Snapshot® Composite Profile for Case #3999837068, Rockingham County, NC Sheriff's Office
A comparison of the Snapshot Composite Profile and a photo of José Alvarez, Jr. taken at the time of his arrest.

On 7 May 2015, Parabon briefed Captain Howell and Detective Marcus Marshall, lead investigator on the case, about the Snapshot results for their sample. The subject's DNA indicated he had fair or very fair skin, brown or hazel eyes, dark hair, and little evidence of freckling. Face morphology analysis suggested the subject had a wide facial structure and non-protruding nose and chin. Importantly, Snapshot analysis indicated the subject had admixed ancestry, a roughly 50-50 combination of European and Latino ancestry consistent with that observed in individuals with one European and one Latino parent.

John Alvarez has such admixed ancestry, but DNA analysis had ruled him out as a suspect, and Y-STR analysis indicated the perpetrator did not share a paternal lineage with John. Nevertheless, the Snapshot predictions for the case were highly consistent with John's brother, José Alvarez Jr. "The Snapshot ancestry analysis and phenotype predictions suggested we should not eliminate José as a suspect, despite the Y-STR results," said Detective Marshall. "The likeness of the Snapshot composite with his driver's license photograph is quite striking."
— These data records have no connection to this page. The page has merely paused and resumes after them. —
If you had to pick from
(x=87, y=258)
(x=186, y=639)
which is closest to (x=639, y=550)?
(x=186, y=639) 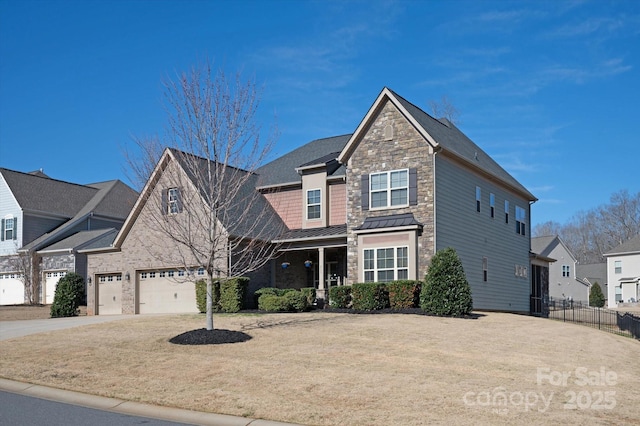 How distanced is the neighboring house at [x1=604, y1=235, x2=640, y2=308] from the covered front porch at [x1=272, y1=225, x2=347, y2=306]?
37.8 m

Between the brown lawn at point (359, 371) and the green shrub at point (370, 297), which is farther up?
the green shrub at point (370, 297)

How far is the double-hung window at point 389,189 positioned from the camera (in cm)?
2730

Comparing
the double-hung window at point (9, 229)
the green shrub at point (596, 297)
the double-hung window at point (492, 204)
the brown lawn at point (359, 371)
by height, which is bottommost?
the green shrub at point (596, 297)

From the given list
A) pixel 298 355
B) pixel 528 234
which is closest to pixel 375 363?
pixel 298 355

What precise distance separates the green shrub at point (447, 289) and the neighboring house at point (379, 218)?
2.35m

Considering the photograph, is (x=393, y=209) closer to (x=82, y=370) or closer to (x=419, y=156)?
(x=419, y=156)

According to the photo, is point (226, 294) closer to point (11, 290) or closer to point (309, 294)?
point (309, 294)

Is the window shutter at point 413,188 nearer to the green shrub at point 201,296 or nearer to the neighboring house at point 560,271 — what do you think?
the green shrub at point 201,296

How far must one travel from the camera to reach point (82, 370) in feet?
47.9

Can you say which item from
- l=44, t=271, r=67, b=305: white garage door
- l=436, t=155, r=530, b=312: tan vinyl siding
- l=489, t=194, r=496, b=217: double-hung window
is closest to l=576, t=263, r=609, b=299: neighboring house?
l=436, t=155, r=530, b=312: tan vinyl siding

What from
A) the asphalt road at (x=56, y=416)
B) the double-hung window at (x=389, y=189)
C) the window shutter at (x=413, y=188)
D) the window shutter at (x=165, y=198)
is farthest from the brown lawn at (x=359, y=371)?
the double-hung window at (x=389, y=189)

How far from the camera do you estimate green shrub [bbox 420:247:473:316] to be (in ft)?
76.6

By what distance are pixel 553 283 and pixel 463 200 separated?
116 ft

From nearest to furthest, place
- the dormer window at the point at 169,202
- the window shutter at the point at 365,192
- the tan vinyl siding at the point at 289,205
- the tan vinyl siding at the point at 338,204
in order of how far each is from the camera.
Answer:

Within weeks of receiving the Snapshot report, Detective Marshall requested a DNA sample from José Alvarez Jr., and his father José Alvarez Sr. Both consented to be swabbed. Traditional DNA analysis proved beyond all doubt that the blood on the stairwell in the French home had come from José Alvarez Jr. It also showed, to everyone's surprise, that José Alvarez Sr. is not his biological father, which is why the Y-STRs did not match.

The Conclusion

José Alvarez Jr. was arrested on 25 Aug 2015 on two counts of capital murder. He later pled guilty to both murders and on 8 Jul 2016 was sentenced to two consecutive life sentences without the possibility of parole.

This case highlights the limitations of traditional DNA analysis, as nearly all of the information needed to solve the case was present in the blood sample left at the scene, but without the RCSO's willingness to try new forensic DNA analyses like familial comparison, Y-STR analysis, and DNA phenotyping, the perpetrator might never have been brought to justice. After the investigation, Captain Howell admitted she had been skeptical about DNA phenotyping at first. Nevertheless, with a case about to go cold and only DNA to go on, she and the department had decided it was worth a shot. "Now that I have seen Snapshot in action," says Howell, "I am a believer."